Collection entries:
= = = = = = =

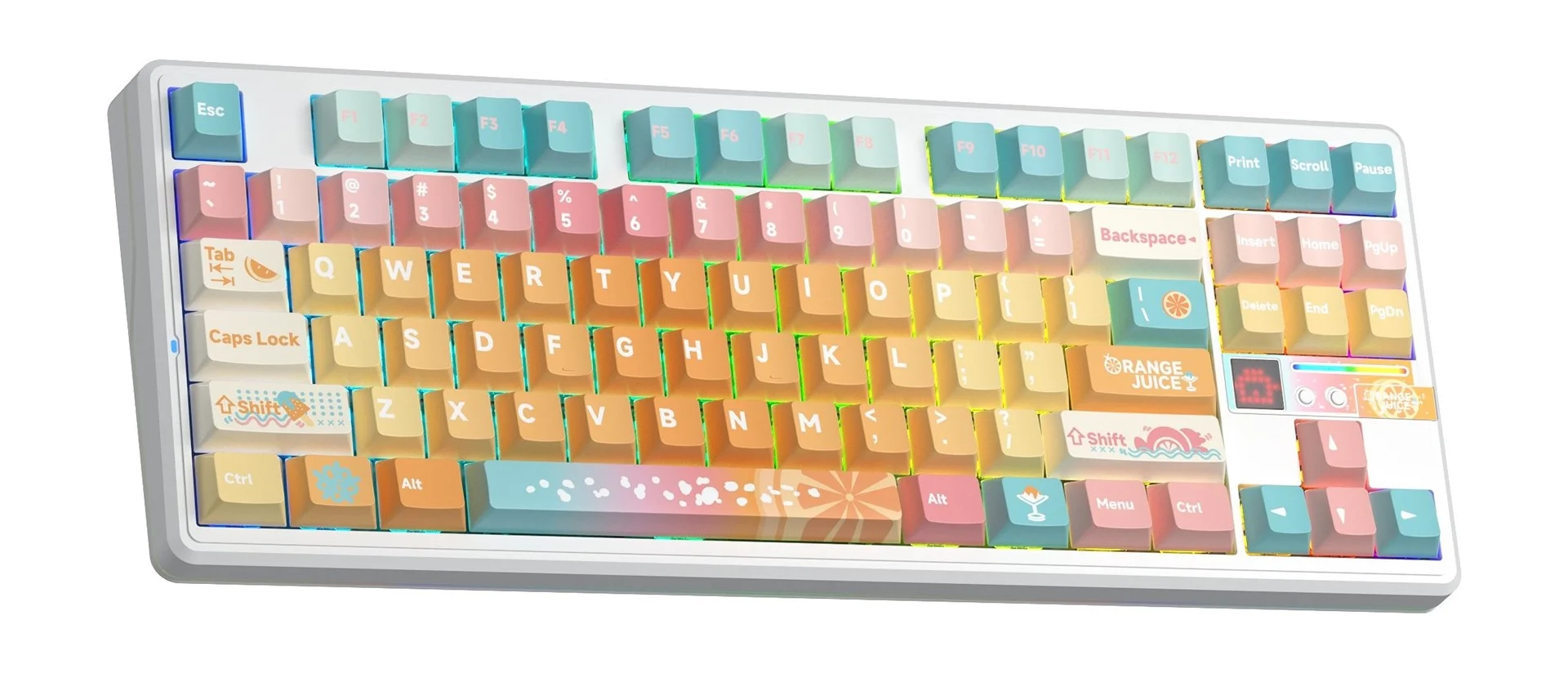 AULA Gasket F87 Pro V2 Orange Soda Kailh Meteorite Ice Cream RGB Keyboard - Image 2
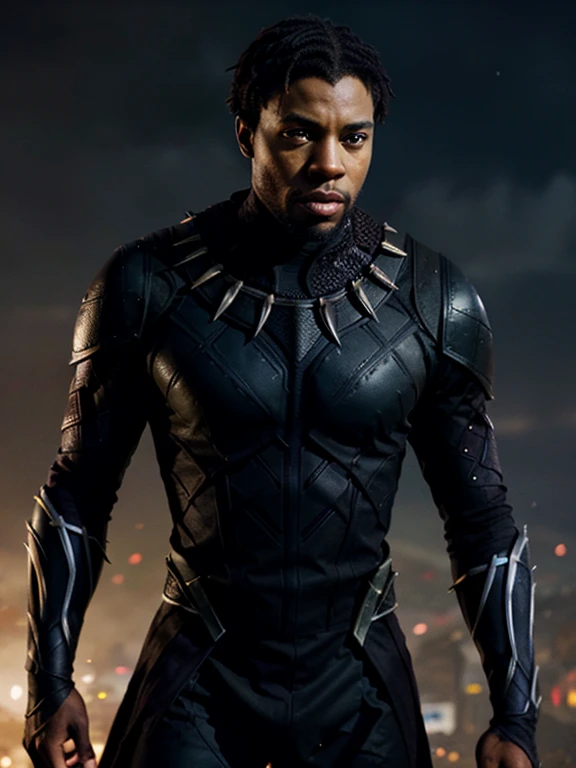 A stylized portrait of King T'Challa in Black Panther suit against a Wakanda city skyline, with dramatic lighting and a futuristic look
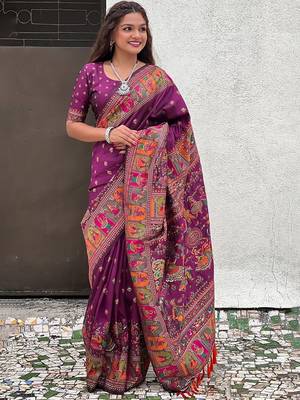 Purple ethnic motifs woven design zari kanjeevaram saree 1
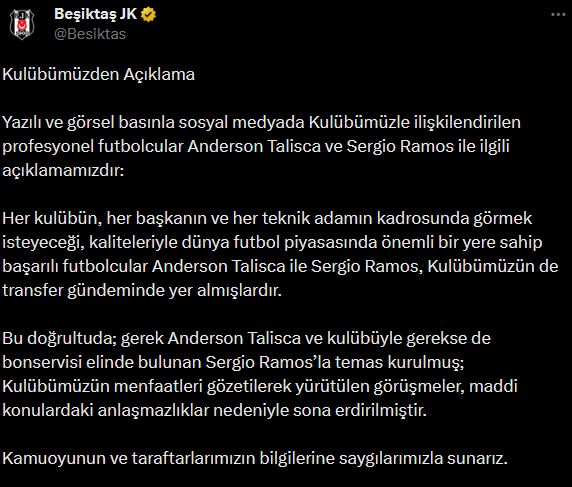 Talisca ve Ramos açıklaması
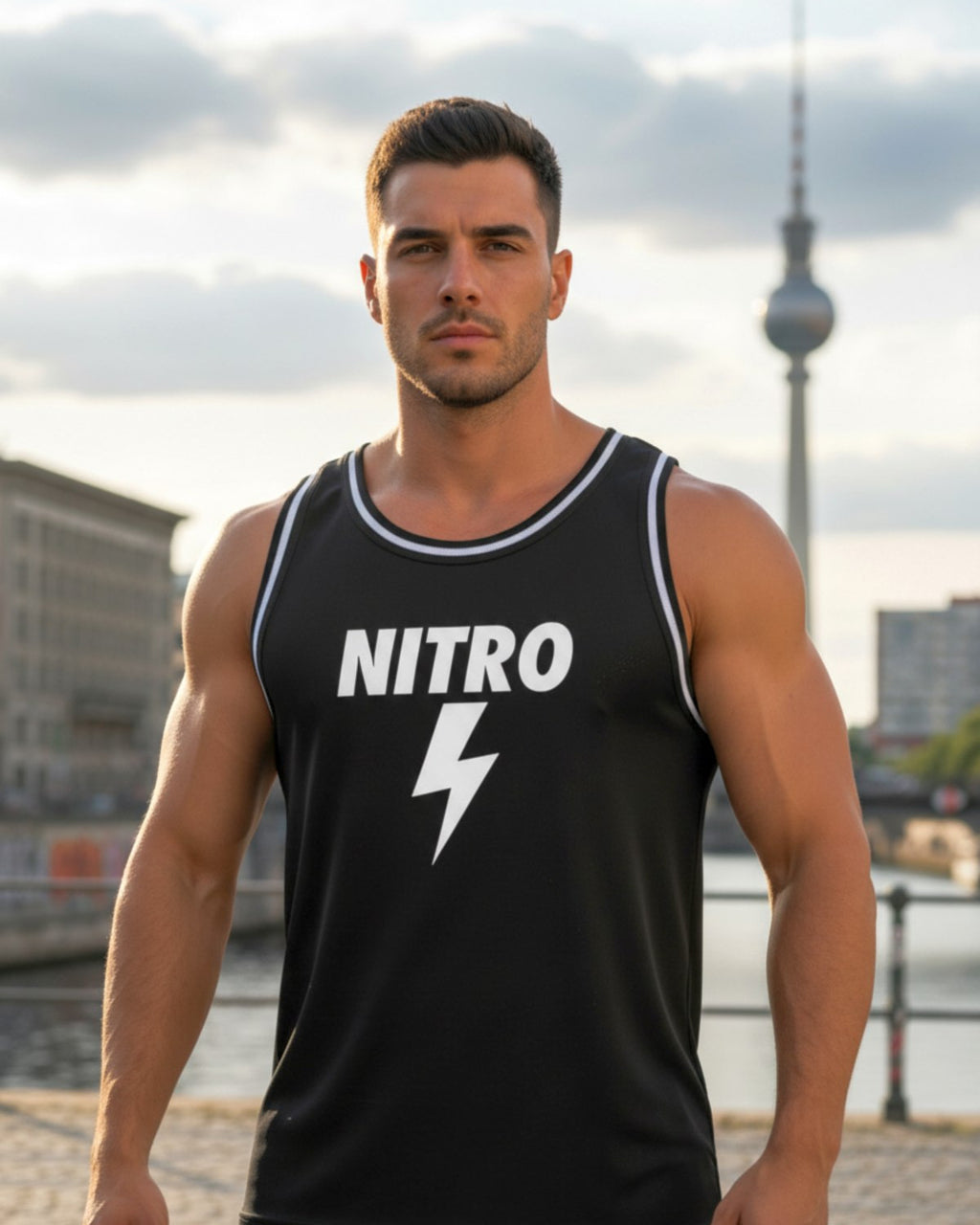 Close-up of black Nitro Flash mesh tank top on male model
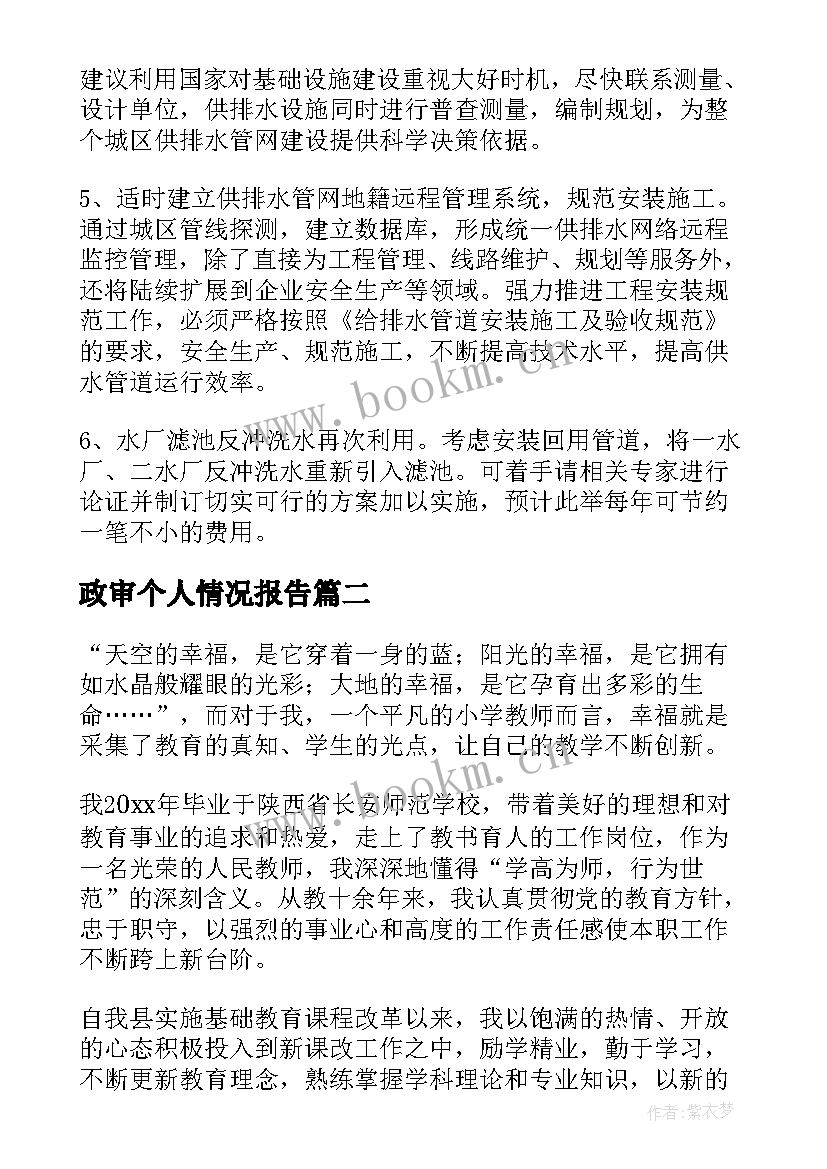 政审个人情况报告 个人工作情况报告(通用10篇)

= = = = = = =

▶ [PROBLEM REQUIREMENTS] Print, exactly and without pictures, the lines from the one holding "Purple ethnic motifs" through the last line of the entries above, both included.

▶ [REPLY TO THE EXERCISE]
 Purple ethnic motifs woven design zari kanjeevaram saree 1
 Talisca ve Ramos açıklaması
 Close-up of black Nitro Flash mesh tank top on male model
 政审个人情况报告 个人工作情况报告(通用10篇)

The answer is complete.